This is a silly missed optimization by ICC. It's not specific to AVX512; it still happens with default/generic arch settings.
lea ecx, DWORD PTR [16+rax]
is computing i+16
as part of the unroll, with truncation to 32-bit (32-bit operand-size) and zero-extension to 64-bit (implicit in x86-64 when writing a 32-bit register). This explicitly implements the semantics of unsigned wrap-around at the type width.
gcc and clang have no problem proving that unsigned i
won't wrap, so they can optimize away the zero-extension from 32-bit unsigned to 64-bit pointer-width for use in an addressing mode, because the loop upper bound is known1.
Recall that unsigned wrap-around is well-defined in C and C++, but signed-overflow is undefined behaviour. That means that signed variables can be promoted to pointer width, and that the compiler doesn't have to redo sign-extension to pointer width every time they're used as an array index. (a[i]
is equivalent to *(a+i)
, and the rules for adding integers to pointers mean that sign-extension is necessary for narrow values where the upper bits of the register might not match.)
Signed-overflow UB is why ICC is able to optimize properly for a signed counter even though it fails to use range info. See also http://blog.llvm.org/2011/05/what-every-c-programmer-should-know.html (about undefined behaviour). Notice that it's using add rax, 64
and cmp
with 64-bit operand-size (RAX instead of EAX)
I made your code into a MCVE to test with other compilers. __assume_aligned
is ICC-only, so I used the GNU C __builtin_assume_aligned
.
#define COUNTER_TYPE unsigned
double sum(const double *a) {
a = __builtin_assume_aligned(a, 64);
double s = 0.0;
for ( COUNTER_TYPE i = 0; i < 1024*1024; i++ )
s += a[i];
return s;
}
clang compiles your function like this (Godbolt compiler explorer):
# clang 7.0 -O3
sum: # @sum
xorpd xmm0, xmm0
xor eax, eax
xorpd xmm1, xmm1
.LBB0_1: # =>This Inner Loop Header: Depth=1
addpd xmm0, xmmword ptr [rdi + 8*rax]
addpd xmm1, xmmword ptr [rdi + 8*rax + 16]
addpd xmm0, xmmword ptr [rdi + 8*rax + 32]
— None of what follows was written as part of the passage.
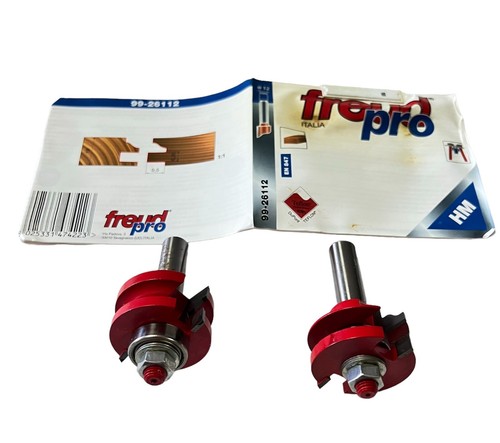 Fresa freud pro 26112 - freud,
addpd xmm1, xmmword ptr [rdi + 8*rax + 48]
addpd xmm0, xmmword ptr [rdi + 8*rax + 64]
addpd xmm1, xmmword ptr [rdi + 8*rax + 80]
addpd xmm0, xmmword ptr [rdi + 8*rax + 96]
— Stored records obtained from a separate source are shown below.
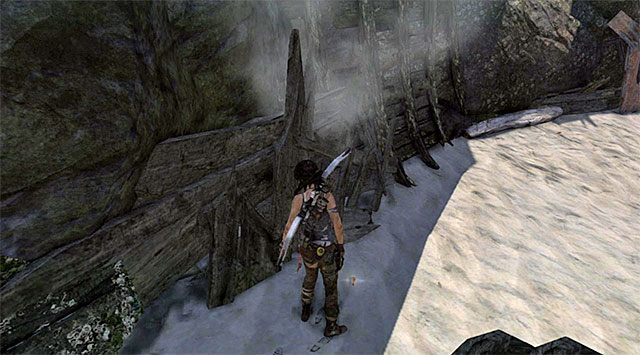 SKŁADZIK 9/15 - Geoskrzynki (08 - 15) | Sekrety - Shipwreck Beach (Plaża wraków) | Tomb Raider - Tomb Raider - poradnik do gry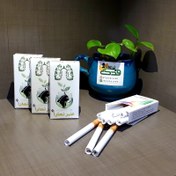 تصویر ترکیب عنبر نسارا و کندر و اسپند فدک (ضد عفونی کننده طبیعی) 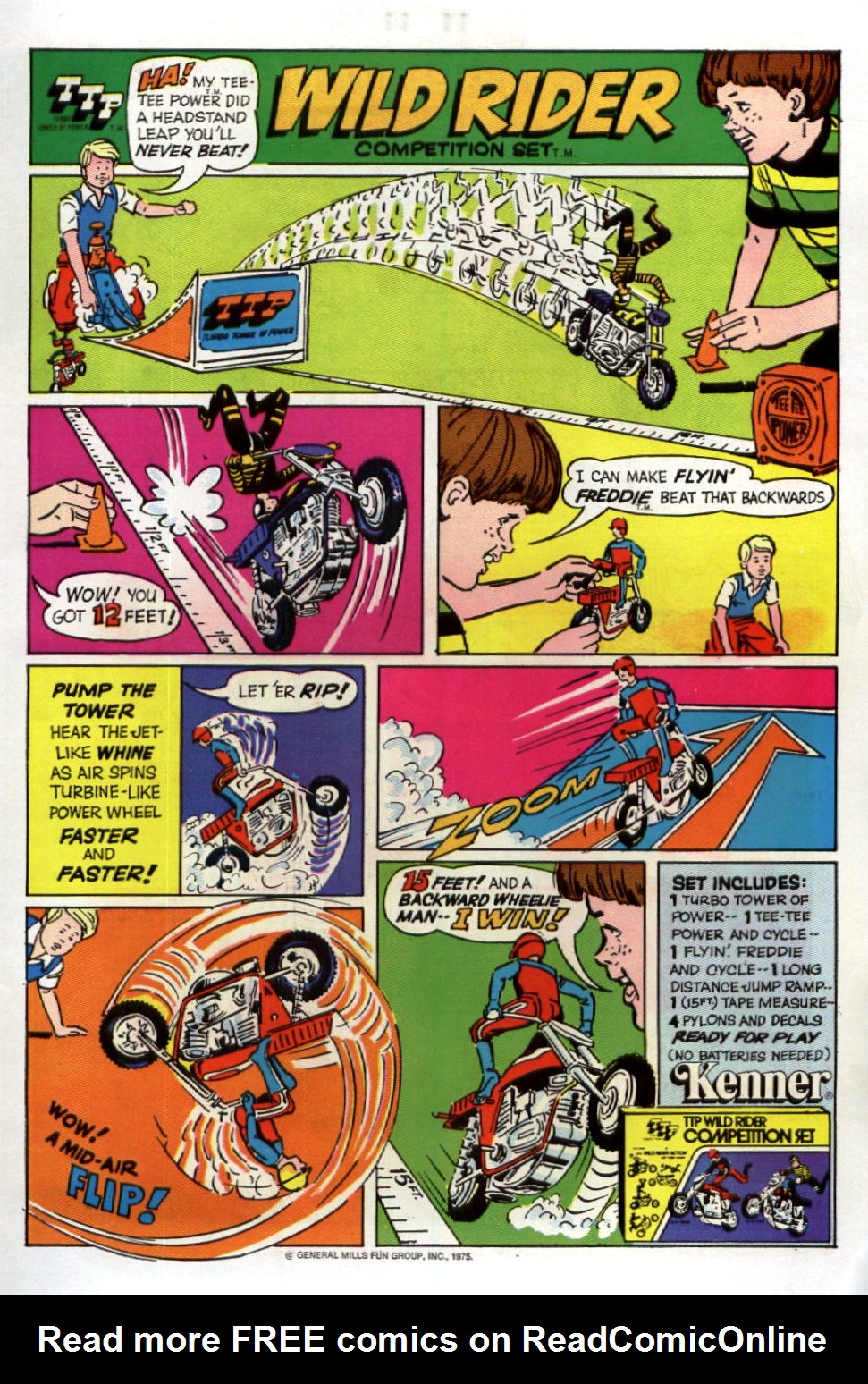 Read online Magnus, Robot Fighter 4000 AD comic -  Issue #42 - 35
addpd xmm1, xmmword ptr [rdi + 8*rax + 112]
add rax, 16 # 64-bit loop counter
cmp rax, 1048576
jne .LBB0_1
addpd xmm1, xmm0
movapd xmm0, xmm1 # horizontal sum
movhlps xmm0, xmm1 # xmm0 = xmm1[1],xmm0[1]
addpd xmm0, xmm1
ret
I didn't enable AVX, that doesn't change the loop structure. Note that clang only uses 2 vector accumulators, so it will bottleneck on FP add latency on most recent CPUs, if data is hot in L1d cache. Skylake can keep up to 8 addpd
in flight at once (2 per clock throughput with 4 cycle latency). So ICC does a much better job for cases where (some of) the data is hot in L2 or especially L1d cache.
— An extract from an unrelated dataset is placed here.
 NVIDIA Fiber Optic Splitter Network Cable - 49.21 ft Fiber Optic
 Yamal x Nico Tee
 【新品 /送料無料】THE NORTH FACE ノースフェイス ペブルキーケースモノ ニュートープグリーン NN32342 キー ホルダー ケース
It's strange that clang didn't use a pointer-increment, if it's going to add/cmp anyway. It would only take a couple extra instructions ahead of the loop, and would simplify the addressing modes allowing micro-fusion of the load even on Sandybridge. (But it's not AVX, so Haswell and later can keep the load micro-fused. Micro fusion and addressing modes). GCC does that, but doesn't unroll at all, which is GCC's default without profile-guided optimization.
Anyway, ICC's AVX512 code will un-laminate into separate load and add uops in the issue/rename stage (or before being added to the IDQ, I'm not sure). So it's pretty silly that it doesn't use a pointer increment to save front-end bandwidth, consume less ROB space for a larger out-of-order window, and be more hyperthreading-friendly.
Footnote 1:
(And even if it wasn't, an infinite loop with no side effects like a volatile
or atomic
access is undefined behaviour, so even with i <= n
with a runtime-variable n
, the compiler would be allowed to assume the loop wasn't infinite and thus i
didn't wrap. Is while(1); undefined behavior in C?)
In practice gcc and clang don't take advantage of this, and make a loop that actually is potentially infinite, and don't auto-vectorize because of that possible weirdness. So avoid i <= n
with runtime variable n
, especially for unsigned compares. Use i < n
instead.
If unrolling, i += 2
can have a similar effect.
So doing the end-pointer and pointer-increment in the source is often good, because that's often optimal for the asm.